That's how long we've lived in Colorado. Six years. Not long in the big scheme of things, but long enough to make a difference.
And this little hippie, mountain view town is all my kids have known. They were two and four when we arrived. They learned to ride their bikes here. Made friends. Started school. Had too many Halloweens and birthdays and Christmas trees for any of us to bother tallying. And all of a sudden, six years isn't near long enough. There's still so much yet to see and do and love.
In my adult life, I've lived in Texas, Hawaii, Virginia, and Colorado. All beautiful places in their own right. Colorado was different. Colorado felt like home. I could settle here. Grow old here. But... Is it Colorado or the fact I've had six years to integrate, connect, fall in love? After all, it wasn't just my kids who grew here. I discovered my passion for writing. Stumbled upon the magic that snow sparkles like a million crystals and glows like daylight at night. I've been within feet of families of deer. Found my favorite coffee shops and book stores. Parks. Running routes. I endured and overcame a head injury. If it was only the time spent here and not the place, I'm grateful just the same.

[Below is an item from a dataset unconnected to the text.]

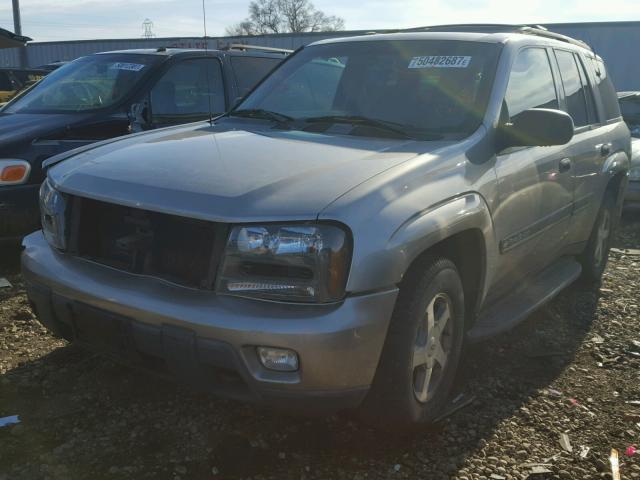 1GNDT13S422386657 - 2002 CHEVROLET TRAILBLAZE SILVER photo 2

So, we move on. To Vermont.
And, I plea to all that is good and right in the world that I never have to have another conversation like we had last night. Telling our girls we were leaving is, by far, one of the hardest things I've ever had to experience. Those tears were real. All our tears were. We cried for the unknown. For loss. For Colorado.
Soon after, though, there were smiles and what ifs and little wisps of hope and intrigue for the adventure to come.